RIPPLE Africa Volunteer Blog – No. 84

This blog is the second one to be written by volunteer teacher Sue Morgan

The Other Side of Malawi…the Rainy Season

Malawi is stunningly beautiful and full of lush vegetation which just flows through the landscape in never ending shades of green. The people are totally dependent upon fertile ground to grow essential food stuff, and this is the first country I have ever lived in or visited where people genuinely do live off the land because of the abundance of grain, fruits and vegetables. But of course, you can’t get any farming done without a bit of rain!

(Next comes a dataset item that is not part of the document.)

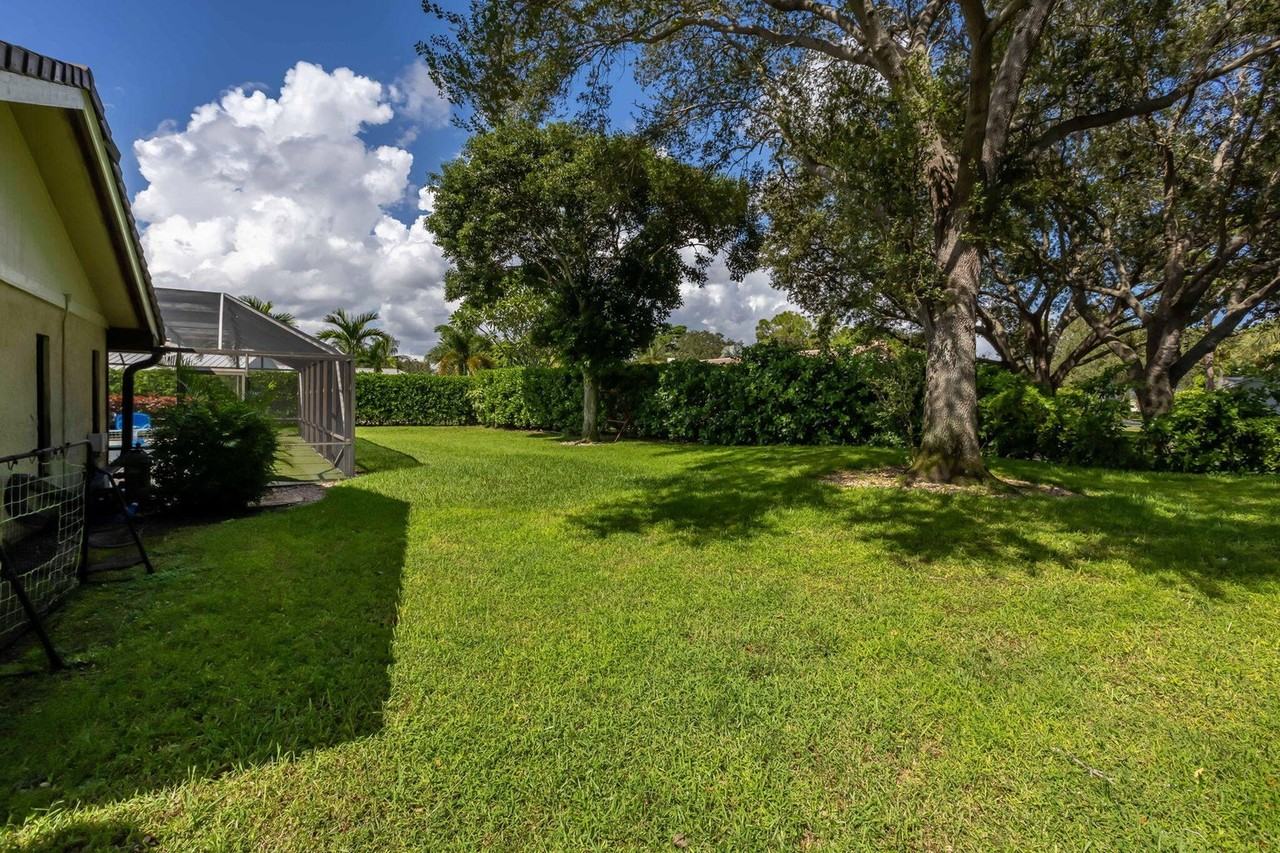 2903 Banyan Boulevard Cir Nw #NW - Photo 7 of 35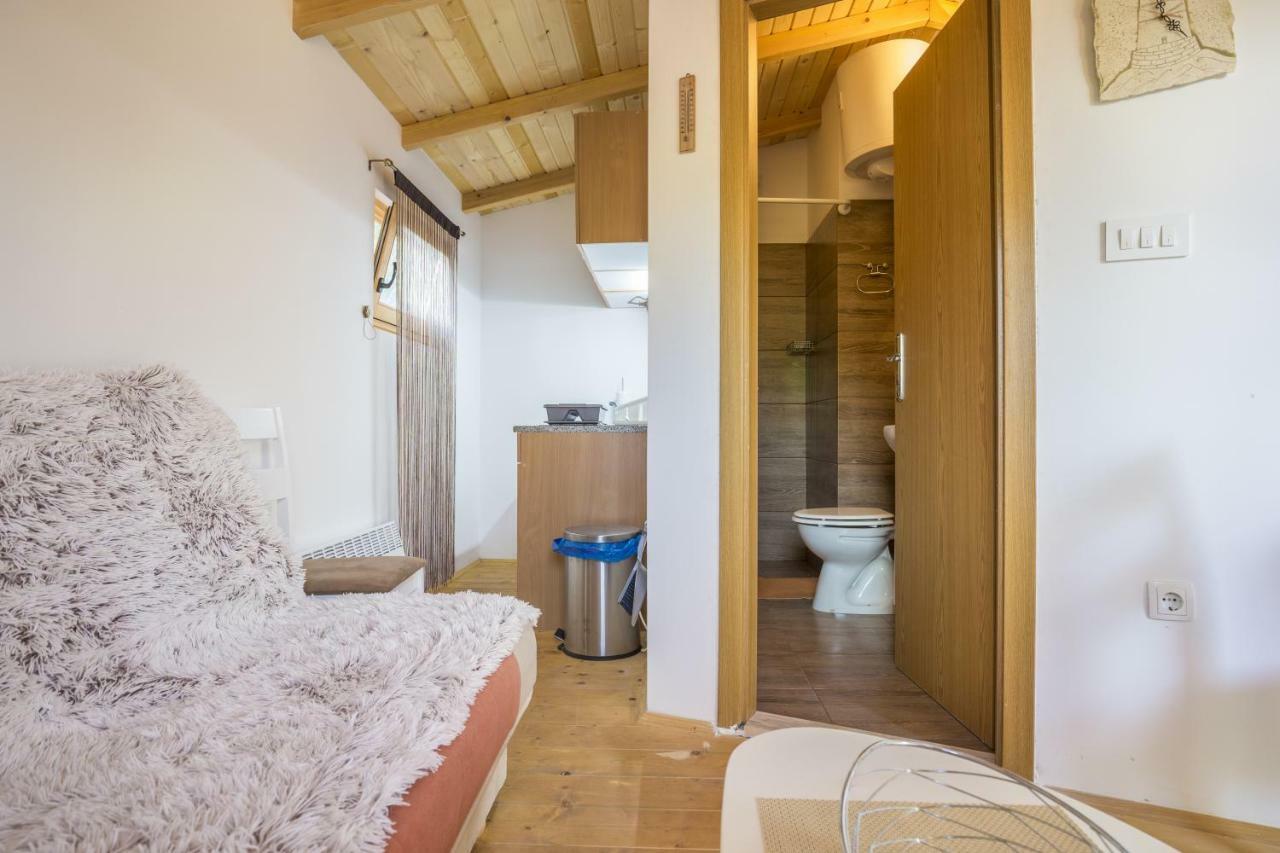 Eco Holiday Home Lavanda Funtana Exterior foto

And if you think you know what rain is…think again! At times, it’s more like a deluge that can only be described as standing under a waterfall. It is not at all cold but in seconds you are completely and utterly wet through. There are also regular and spectacular thunderstorms, and personally I love the swirling and ominous black clouds that are accompanied by ear splitting crashes of thunder. Most days the rain lasts about half a day either in the morning or the afternoon – then the sun comes out and in an hour you are warm and dry. On really good days, it rains at night and the days are gloriously warm and fresh.

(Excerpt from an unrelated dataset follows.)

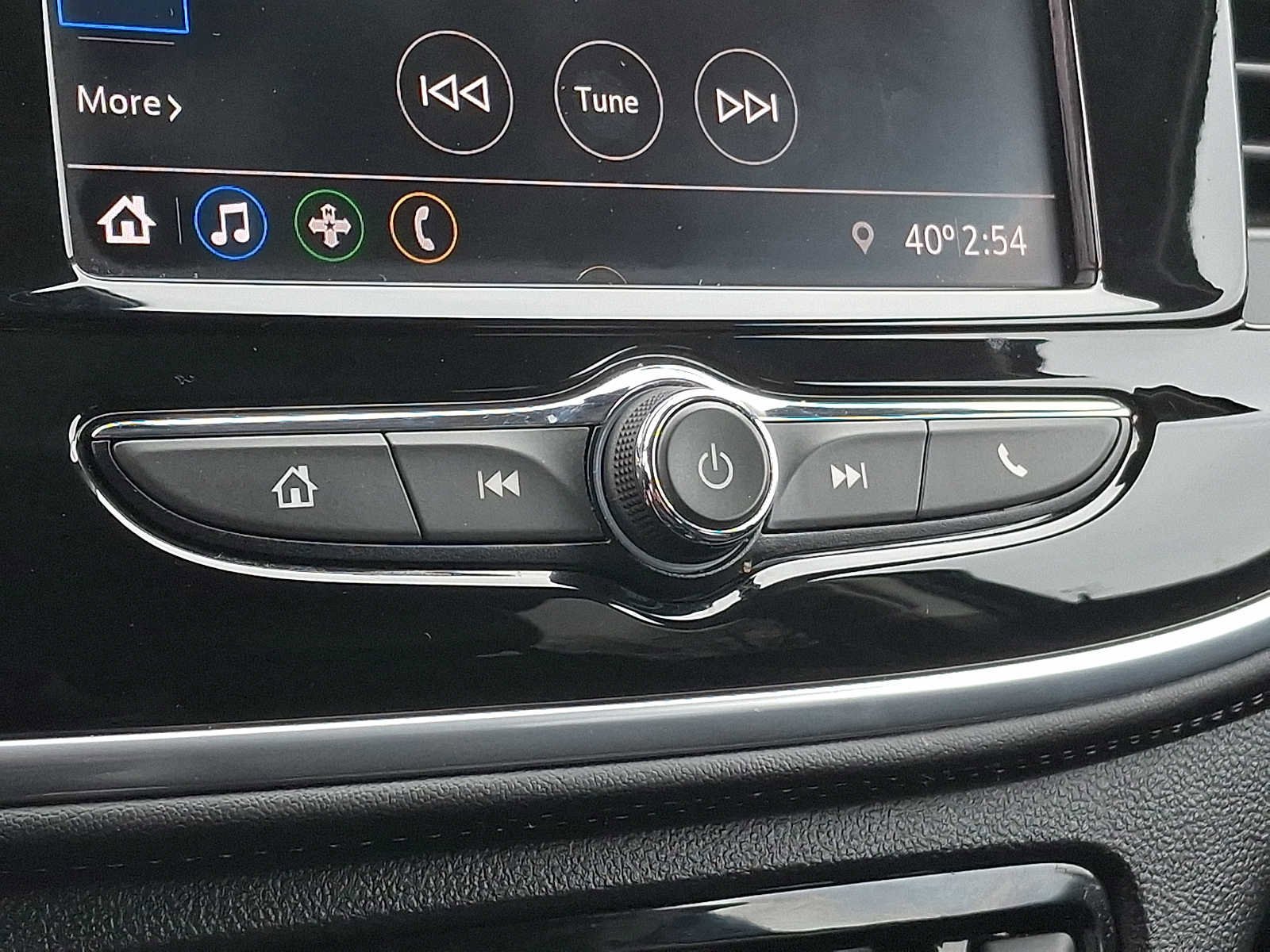 Used 2022 Buick Encore Preferred image 16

Potential visitors to Malawi, please do NOT be put off from coming because of the rain! It really can be a welcome, refreshing respite from the sun and in a bizarre way you feel really local when you are one of many huddled under a tree or just laughing with fellow (Malawian) cyclists because you have forgotten to take the umbrella and rainsuit and you cannot possibly get any wetter!! If you should come to Malawi in the rainy season between December and April, you will need the right gear! Whatever you are doing as a volunteer, you will inevitably be cycling at least 10km a day and most days you will get caught in a downpour. A jacket is NOT enough!! The photograph below shows me kitted out for cycling 7 km in a downpour. Check out the size of the umbrella which cost MWK2,000 (about £3 or US$4.50) and the rainsuit which is completely waterproof cost MWK6,000 (about £9 or US$13.50). The umbrellas can be bought locally (I am planning to get a rainbow coloured version!) and the rainsuit comes from Mzuzu (after seeing me look like a drowned rat on several occasions, a very kind teaching partner at Mwaya Primary School went and got mine for me).

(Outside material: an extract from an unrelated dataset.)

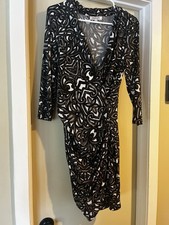 Jennifer Lopez Black White Geometric Wrap Dress V-Neck 3/4 Sleeve Size M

As a teacher, an interesting side effect of the rain is the noise level in the older classrooms which all have tin roofs. I have, on two occasions, had to resort to sign language and written instructions on the board like ‘Take out your exercise books’ because it was impossible for anyone to hear anything over the deafening noise of the rain. Actually, we all just ended up laughing and abandoned the lesson! On a side note, I have got used to young kids coming into the classroom with machetes (slashers) and hoes because the rainy season is planting time and they have field work to do before and after school. Check out the age they start helping with field work in the picture below!

Don’t take my word for it – just come and see for yourself!